9.2

Westworld‘s Shocker, and What It Means for the Season’s Endgame

(Episode 1.07)

TV Features Westworld
Westworld‘s Shocker, and What It Means for the Season’s Endgame

Although I think this should go without saying, let me just say up front: if you have not seen this week’s episode of Westworld, stop at the end of this sentence, go watch it, and then come back and continue reading this review.

There were hints all along that Bernard (Jeffrey Wright) wasn’t human. Little digs that Ford (Anthony Hopkins) would take at him and comments made about the programming head. They were subtle; the writers did the right thing by throwing little distractions in our way, like showing him having an emotional heart-to-heart with his “wife.”

The cold truth is, Bernard is one of Ford’s creations. He’s meant simply to oversee his maker’s dominion and keep everything on track. Which throws into disarray everything that’s happened in the series thus far. Bernard’s efforts to uncover the glitch making the Hosts more self-aware? Finding out, with the help of the suddenly disappeared Elsie (Shannon Woodward), that someone is trying to sneak the intellectual property of the androids out of the park? It’s very clear now that Ford knew this was happening and let it happen to further the evolution of his androids.

If that doesn’t send a small chill down your spine, Hopkins’ performance at the end of the hour is sure to do so. His stone-faced indifference to having Bernard murder Christine (Sidse Babbett Knudsen) and his cold delivery of the line “I built all of this” are The Silence of the Lambs-level terrifying. And like the character that netted him an Oscar in 1992, I strangely found myself cheering for him to keep control of his technocratic fiefdom.

In a perfect world, HBO would cut Westworld’s first season off right here. Leave us all dangling with the image of Christine, as lifeless and bloodied as the androids they hose down at the end of the night, and wondering what’s to come until they turn the lights back on in 2017.

But I’m also incredibly excited to see what the next three weeks bring. Like you, I’m going to be spending a lot of time guessing which other Westworld employees are fake and just how much control Ford actually has over things. Is the subplot of Maeve’s self-awareness, her intention to escape with the assistance of her (possibly) human minders, part of Ford’s plan to push AI forward? And does that make the quest of The Gunslinger (Ed Harris) part of his grand scheme as well?

Mostly, I just want to know what the endgame of William (Jimmi Simpson) and Dolores (Evan Rachel Wood) is. He represents the purest ideals of Westworld. As their ad copy says, and as he echoes, this park exists to “reveal your deepest self… who you really are.” The experience of ridin’ and shootin’ and courtin’ a lovely maiden has “unlocked something” in him.

How can it be anything other than temporary before William returns to his dull, plodding existence? Just think of the many times that you’ve been on vacation and thought, “Maybe I should just stay here forever.” He’s free of responsibilities and worries that will still be waiting for him when he gets back home.
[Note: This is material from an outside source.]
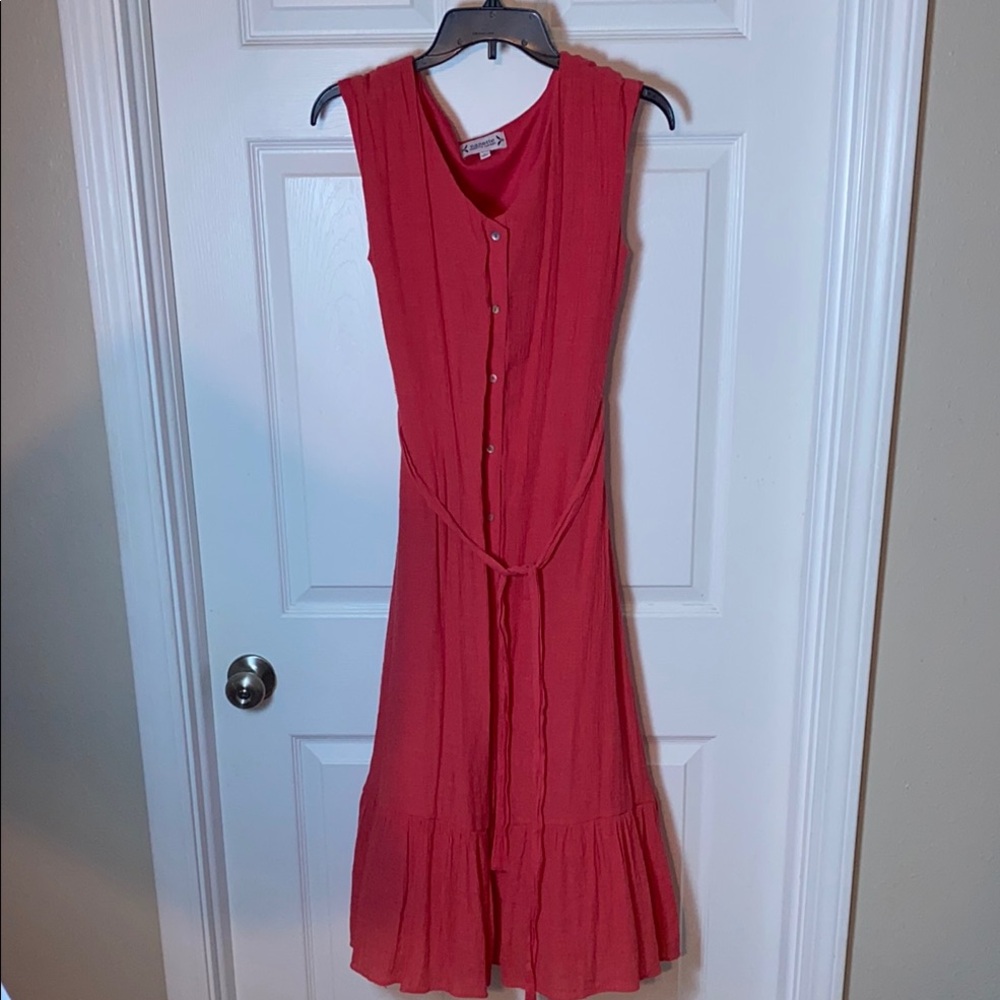 Nanette Lepore Coral Sleeveless V-Neck Sundress Tie Belt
More than likely, he’ll marry his frenemy, Logan’s sister, and shuffle through life dead-eyed until he can get back to Westworld again. It will be his little glimmer of hope on the horizon. Isn’t that what vacations are, for most people?

There’s also the sizeable wrinkle that he’s either willfully ignoring or being foolish about: Dolores isn’t real. The sex and romance may have been great, but it’s been programmed into her. As they’ve talked about all along, everything about the park has been engineered to give you the ultimate in satisfaction. They knew that this was just what William needed: to feel virile and wanted. He got it, and it’s going to leave him glowing by the time he rides off into the sunset that is his real life—or he’ll be haunted every day until he returns.
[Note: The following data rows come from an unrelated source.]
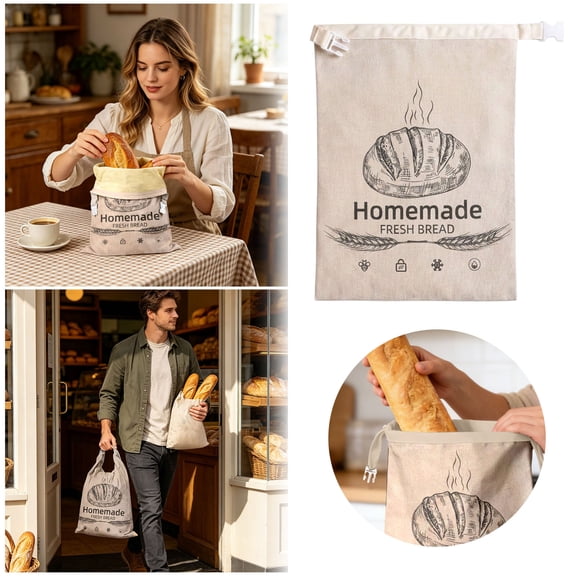 Extra Large Beeswax Food Storage Bag Washable Reusable Natural Wax Coated Bread Preservation Pouch Eco Friendly Kitchen Food Wrapper For Homemade Bread Fruit Vegetable Snack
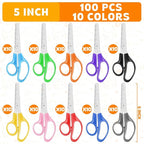 100Pack Kids Scissors Bulk, 5 Inch Scissor for School Student Teacher, Scissors Bulk Classroom Safety Scissor for Kindergarten Preschool Classroom Office Home Craft Cutting Paper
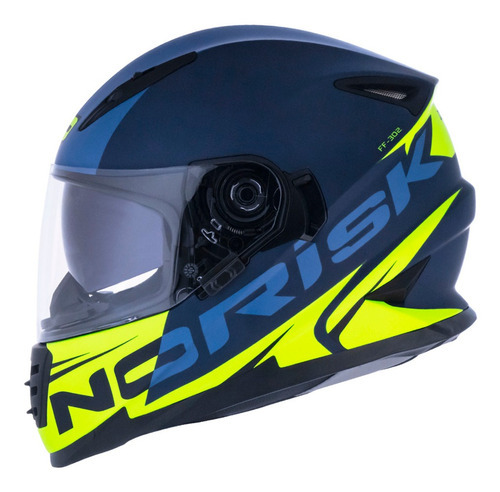 Capacete Moto Viseira Solar Norisk Ff302 Soul Manty Cor Azul Tamanho do capacete 60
That’s why I’m almost willing to buy into the theory that we’re actually privy to two timelines in the series, and that William and The Gunslinger are the same man at different points in his life. In reality that is, again, the intelligence of the storytelling. They’re giving us, through many pairings, a glimpse into how a person evolves over his lifetime.

The casting of another Brit (Simon Quarterman) in the role of the rude, brutish narrative director is not coincidental. He’s supposed to represent Ford before he became megalomaniacal. The same goes for the brash, brazen Charlotte (Tessa Thompson), the board director happy to sit, legs akimbo in a short robe, across from the more buttoned up Theresa.
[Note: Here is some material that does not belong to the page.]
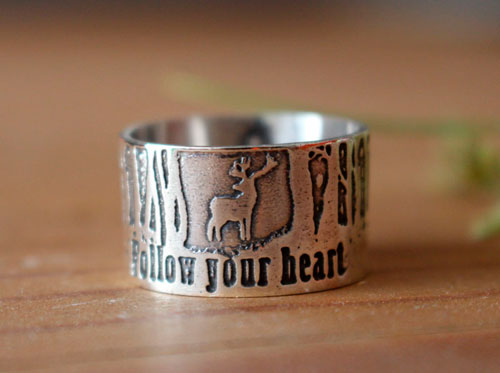 Follow your heart, deer heart of the forest ring in silver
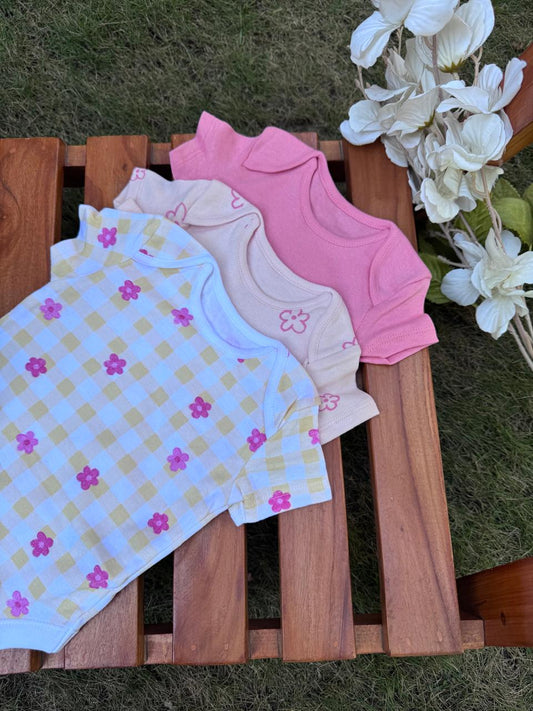 George pack of 3 Floral Bodysuits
For William and the Gunslinger, the nature of one’s addiction is evolving, too. As I’ve talked about in previous write-ups, the latter has tired of the simple pleasures of the park and wants something more extreme. It stands to reason that the former meek pencil pusher who’s been “unlocked” by his experiences so far will be back for more, but will eventually grow tired of being wooed and excited by women and six-shooters. That’s when, perhaps, his true, most primal instincts will come raging forth.

My suspicion is that, with William, that evolution is going to be a quick one. There was a small hint of that in his big speech to Dolores about how he initially thought the park was just there to appeal to people’s baser instincts. I think he’s neglecting just how true that is, and just how much it has the potential to get a hold of him. And when it happens, it’s going to be more brutal to watch than any shooting or beating they’ve put onscreen.